Origin: 1967
To the rebellious, politically radical youth of the late 1960s, steal was too bourgeois a word. It implied criticism of the act of "liberating" wrongfully acquired property that had been stolen from "the people" by "capitalist pigs." So they ripped off that verb from urban African-American slang, as in a 1967 article in Trans-Action: "The hustler burns people for money, but he also 'rips off' goods for money; he thieves, and petty thieving is always a family hustle."
Rip off appears in a 1970 New Yorker article in words shouted by a young woman: "We're sitting here, and Chemical Bank is gloating about how they're going to rip us off! Well, we're going to go into the streets and rip you off!"

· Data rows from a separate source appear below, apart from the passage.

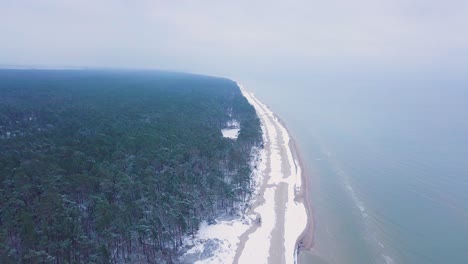 Hermosa-Vista-Aérea-De-La-Costa-Del-Mar-Báltico-En-Un-Día-De-Invierno-Nublado,-Playa-Con-Arena-Blanca-Cubierta-De-Nieve,-Erosión-Costera,-Cambios-Climáticos,-Disparos-De-Drones-De-Gran-Angular-Que-Avanzan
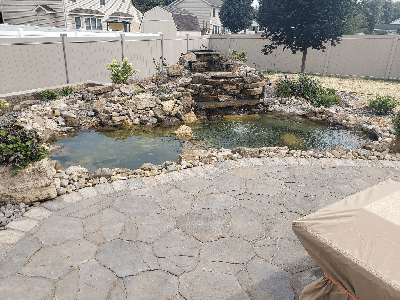 Backyard pond with rocks, waterfall, and patio seating under a fence and trees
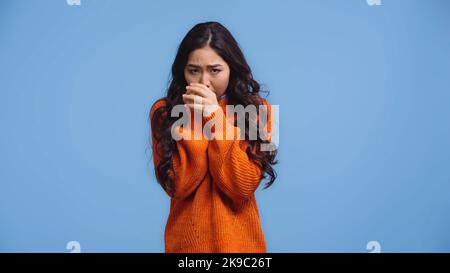 brunette et une jeune femme asiatique en chandail réchauffant les mains tout en se sentant au froid isolé sur le bleu Banque D'Images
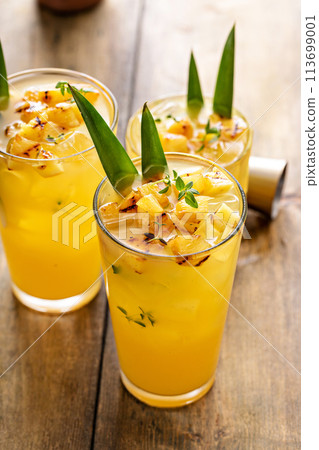 Grilled pineapple cocktail in tall glasses garnished with pineapple leaves Grilled pineapple cocktail in tall glasses garnished with pineapple leaves 113699001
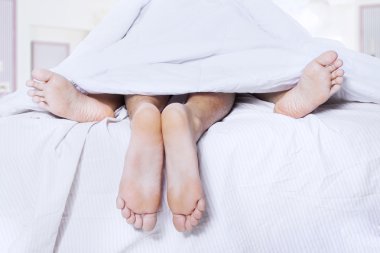 Pairs of feet in a bed 1 clipart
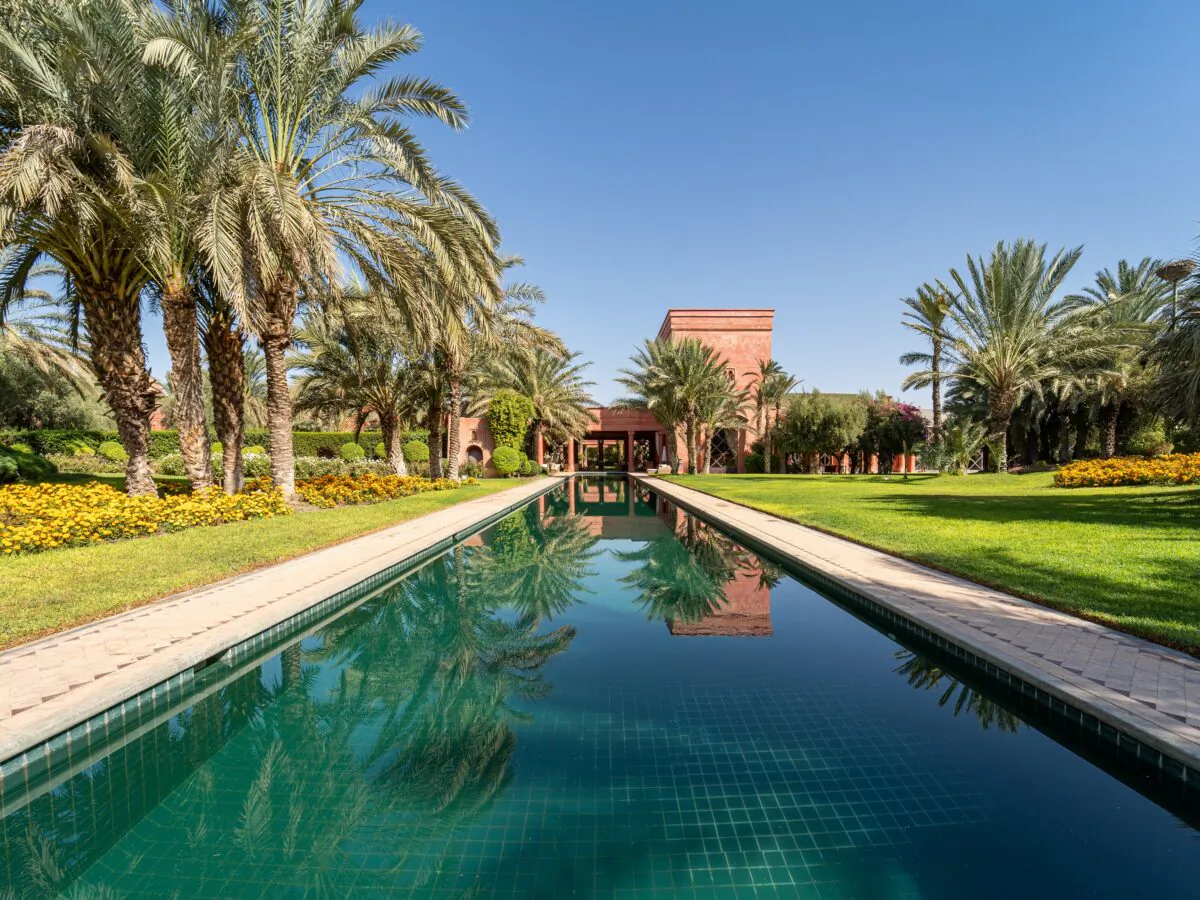 The centerpiece of this extraordinary property is a 200-foot-long swimming pool wrapped in a private park and palatial grounds. (Courtesy of Morocco Sotheby's International Realty)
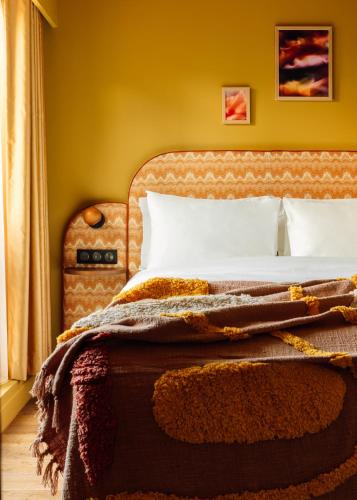 a bedroom with a bed with a blanket on it at Le Jardin de Verre by Locke in Paris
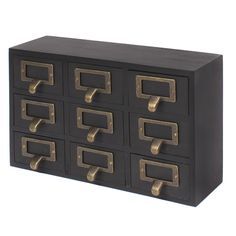 a black and gold file cabinet with six drawers on each side, one drawer open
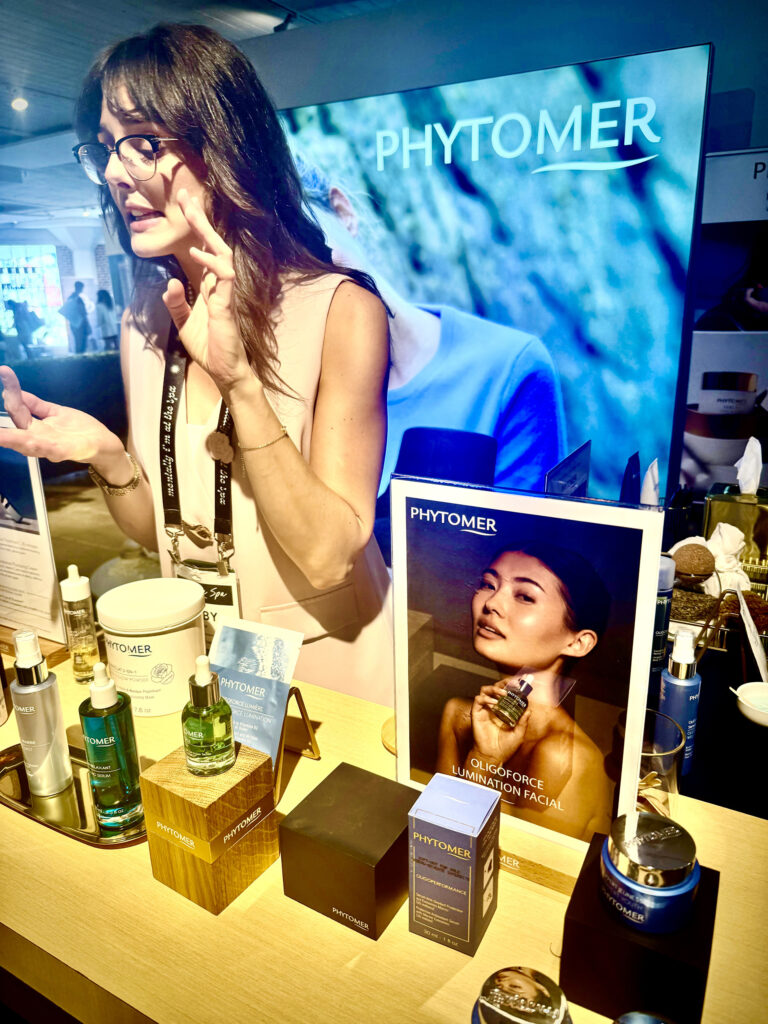 Woman in front of product display at Phytomer booth at Live Love Spa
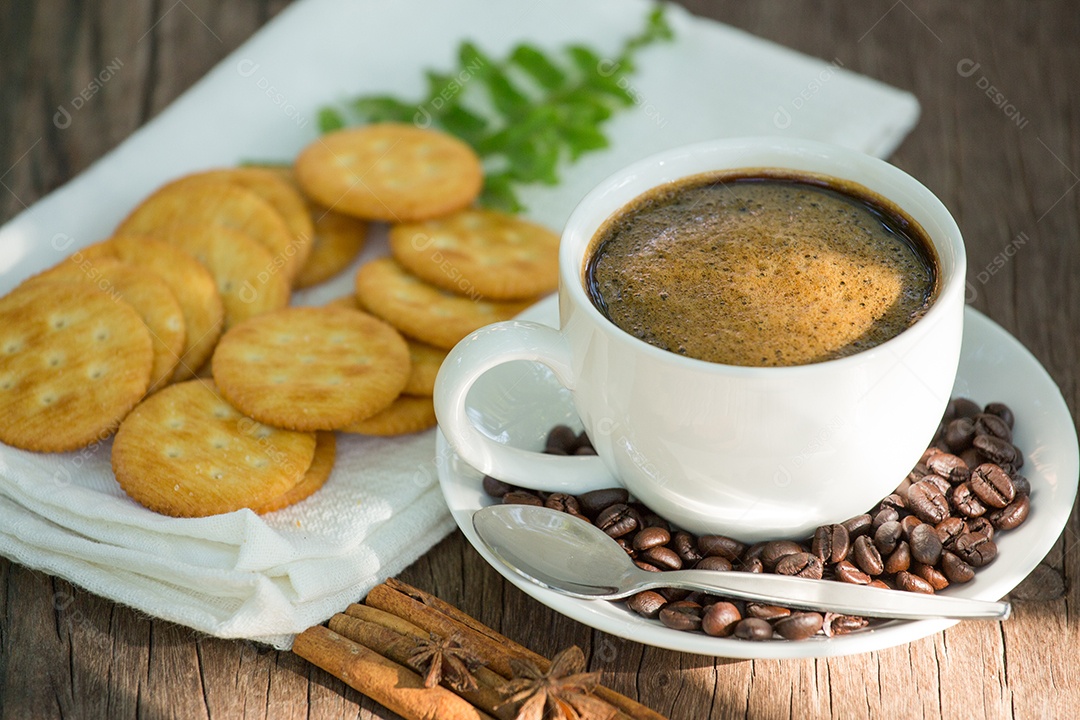 Xícara de café em uma tábua de madeira e biscoitos.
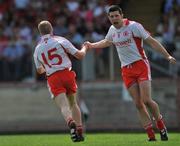 8 June 2008; Tyrone's Colm McCullagh, left, celebrates with team-mate Sean Cavanagh after scoring his side's first goal. GAA Football Ulster Senior Championship Quarter-Final, Tyrone v Down, Healy Park, Omagh, Co. Tyrone. Picture credit: Brian Lawless / SPORTSFILE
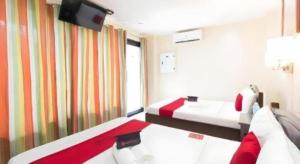 a hotel room with two beds and a television at Dino Residences in Daro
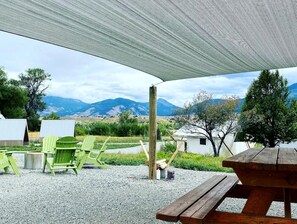 An outdoor seating area with a wooden picnic table and green Adirondack chairs, a wooden post, and a white tent in the background.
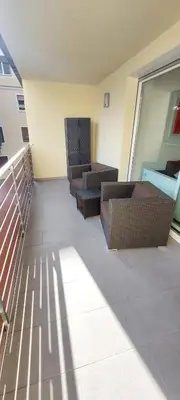 a balcony with two chairs and tables on a building at ROCCO's APARTMENT - in centro a Merano in Merano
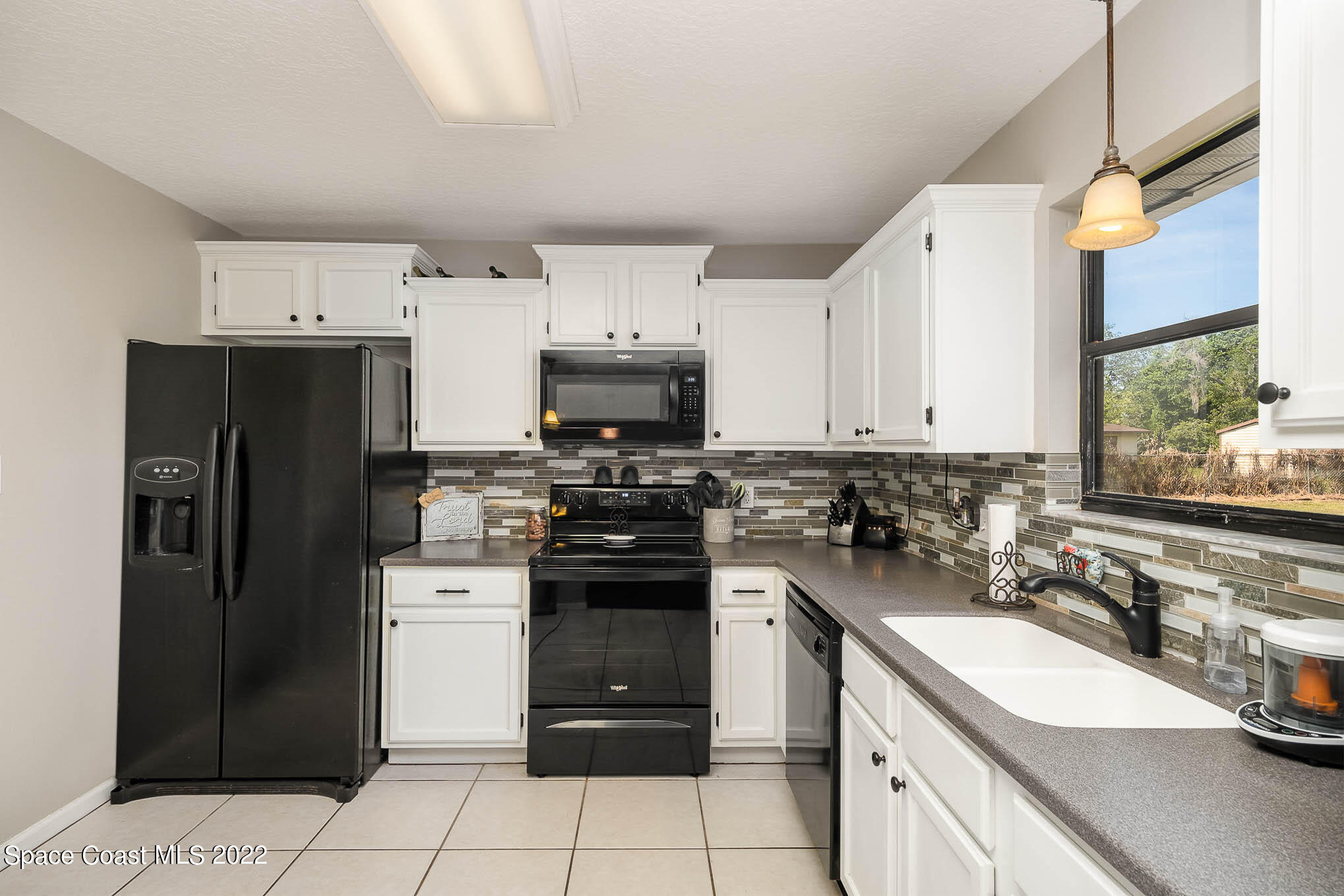 3453 Brevard Road Mims, FL 32754 - Photo 10 of 22 a kitchen with a sink a stove and refrigerator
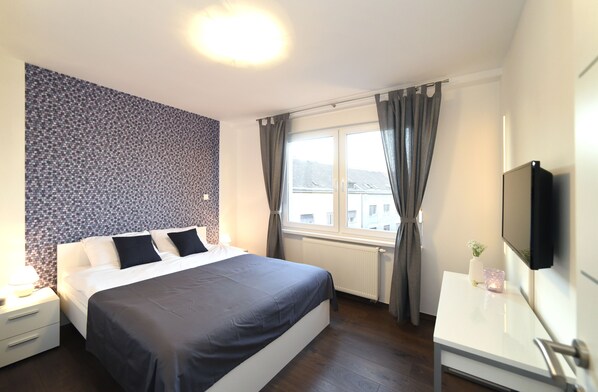 A modern hotel room with a large bed, a bedside table with a lamp, a flat-screen TV mounted on the wall, and a window with curtains.
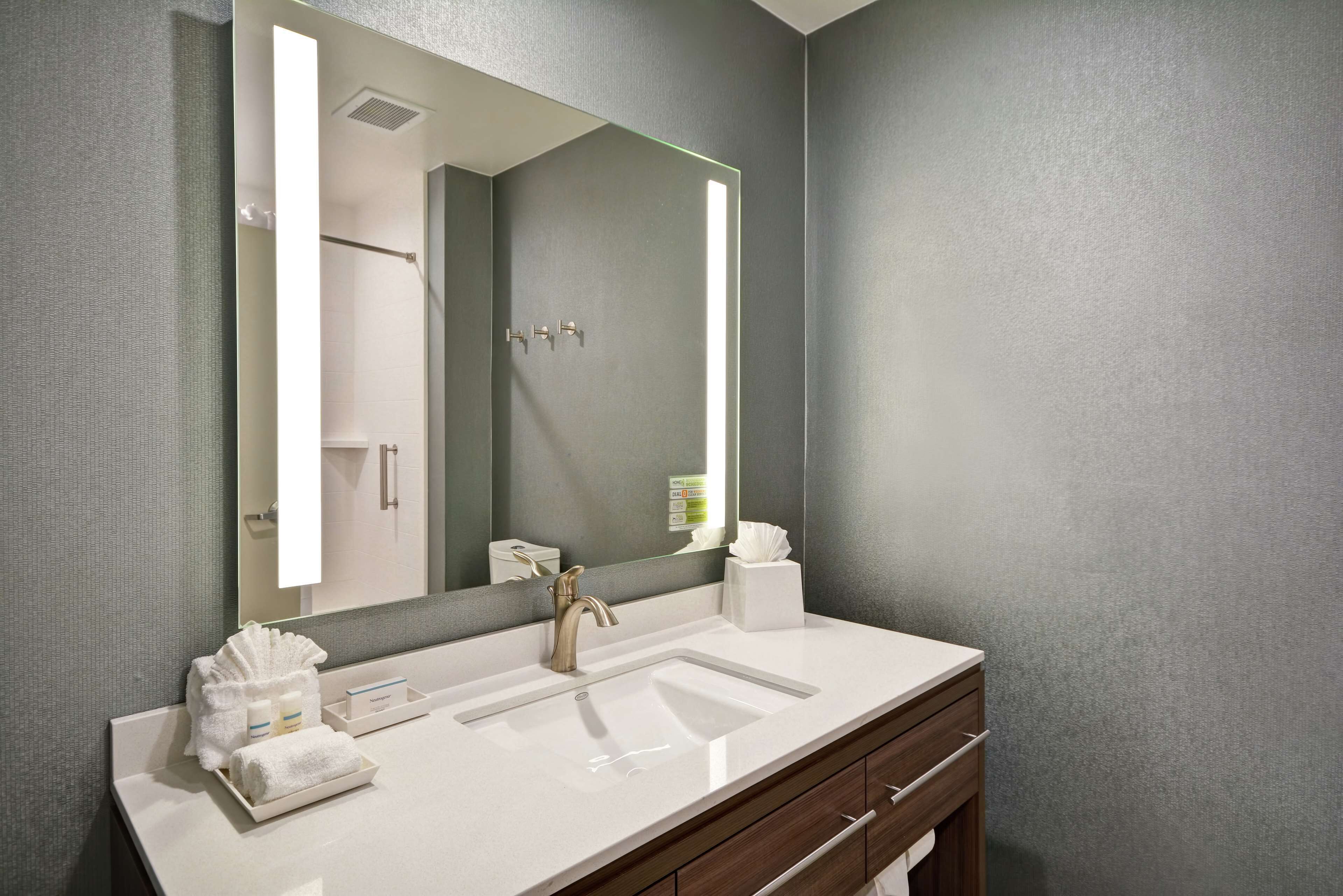 A modern bathroom with a large mirror, a white sink, and a wooden vanity.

By 1970, rip-off was a noun too, in the service of the radicals' "class struggle." A publication of that year defined rip-off as "capitalist exploitation."
As the New Yorker article indicates, rip off also was useful in expressing outrage on the part of innocent victims. So in a 1971 issue of the magazine Frendz, we find, "The young people are well aware that they are being ripped off by these parasites, and, quite naturally, think that the visiting musicians are on the side of the promoters." Not long thereafter rip off is also found in the sense of "plagiarize."
The radicals of the '60s and '70s have yielded to the conservative Yuppies (1984) and apolitical Generation X (1991), but ripped off remains a forceful term to use to protest against maltreatment.